My Lords, I have a few comments and queries about the aspect of the report dealing with lone parents. The push of the report, which is to encourage lone parents back into the labour market, is absolutely right. I was struck by the fact that the best predictor of outcomes for a girl child of a lone parent—she does not become pregnant, she stays on at school, she gets decent results and goes into a job—is that her mother is in work. The best predictor for a boy child—he does not truant, he does not get into trouble with the law, he stays on at school and gets results—is if he is in contact with his natural father. Whatever the technical or legal relationship of the parent, it is absolutely right to ensure that fathers do not walk away from their responsibilities, especially to boy children. Those moves are to be welcomed.

We also know that the most successful new deals are with those who volunteer—the lone parents who are not required to come, who are the youngest, have the youngest children and are closest to the labour market. Once lone parents have been out of the labour market for 10 years or more, it is very difficult to get them back in. The question is: why? My criticism of the Freud report is that I am not sure that it addresses properly the stumbling blocks to lone parents re-entering the labour market after 10 or more years out of it.

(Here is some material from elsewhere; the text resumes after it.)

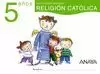 RELIGIÓN CATÓLICA 5 AÑOS.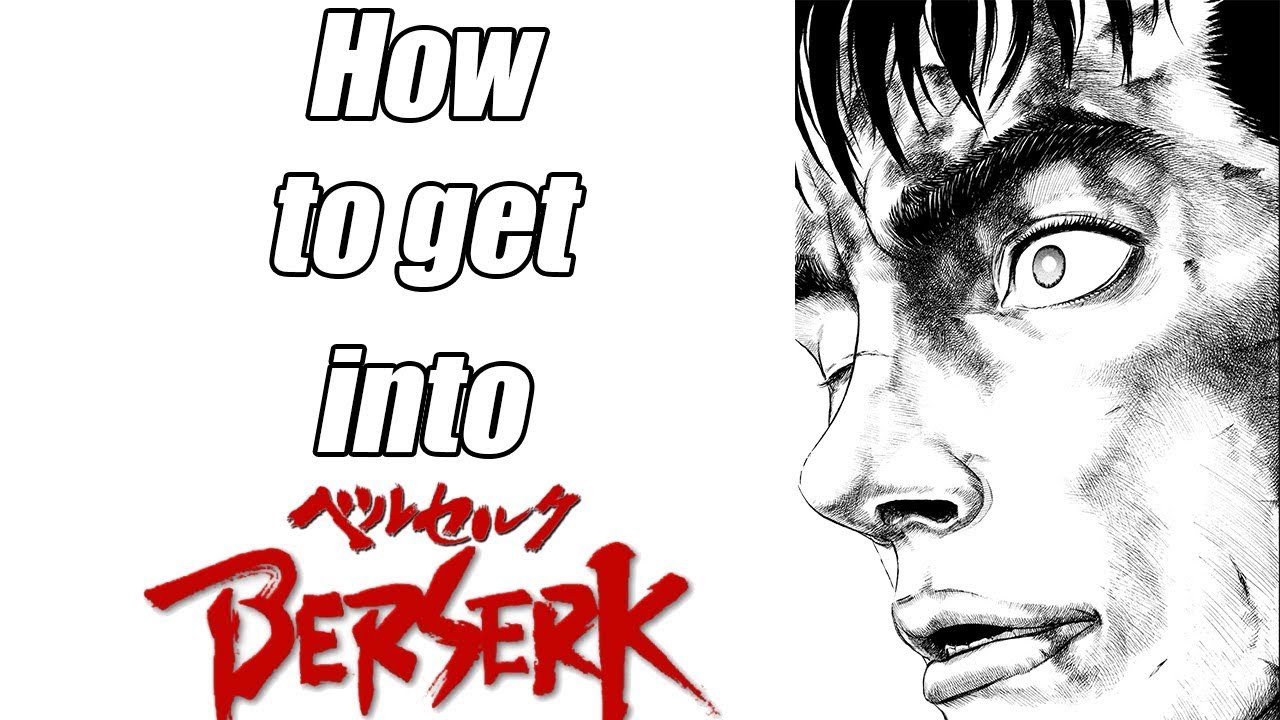 Berserk | So You Want to Get Into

As we all agree, skills are the first problem. Perhaps half of the lone parents out of the labour market for that length of time effectively have the literacy level of a 10 or 11 year-old or are even functionally illiterate. Equally significant is the health problem. Alan Marsh and Richard Dorsett of the Policy Studies Institute have said that before we can get welfare to work, we have to have welfare to health because, on average, lone parents are twice as likely to smoke as non-lone parents and are associated with respiratory illness and asthma, and 75 per cent of their children in turn have respiratory problems. Lone parents may have poor mental health or depression and may be overweight.

Also associated with the problem is the isolation and the lack of a knowledge network, which has also not been addressed properly. Finally and above all, there must be childcare that is trustworthy. Wraparound childcare sounds fine, but unless a lone parent can find childcare that fits with the job that she can get, she will not re-enter the labour market. That childcare is most likely to be offered by her own parent—a grandparent—not necessarily by child minders who are reluctant to work the unsocial hours that are the only hours available for many lone parents in part-time jobs.

I do not think that the analogy with Europe is helpful because lone parents do relatively well in the labour market in Europe. They live in extended homes where other family members pick up the childcare and share that responsibility. In Britain, living in homes on their own, there is no one to whom they can turn for that help and support, which is why, unlike in Europe, lone parents have lower participation rates in the labour market than married women. Therefore, I gently suggest to my noble friend that it is still a very male report—heavy on condition and rather weak on the understanding of what holds lone parents back from the labour market.

We need more of three things. We all agree that we need the health and skill strategy. Secondly, we need to develop the concept of mini-jobs. We know that the best predictor of a lone parent going into work is that she held a mini-job the year before. What do we do? We make sure that if she does, we take 100 per cent of her money away. We must rethink our attitudes to earnings disregarding mini-jobs. Finally, we need to rethink our attitude to childcare and go for the childcare that the lone parent trusts, which means that she is confident to go into work knowing whether or not the child is poorly, comfortable or had a bad day at school. A granny is there to cope if a granny so wishes to do it. Grandparents must become entitled to the childcare tax credit. If we address those three things, lots of the problems of conditionality will disappear. If we do not, the problems of conditionality will remain and too often we will be kicking lone parents, who do a very difficult job in a very difficult climate, back into a labour market without the support that they need.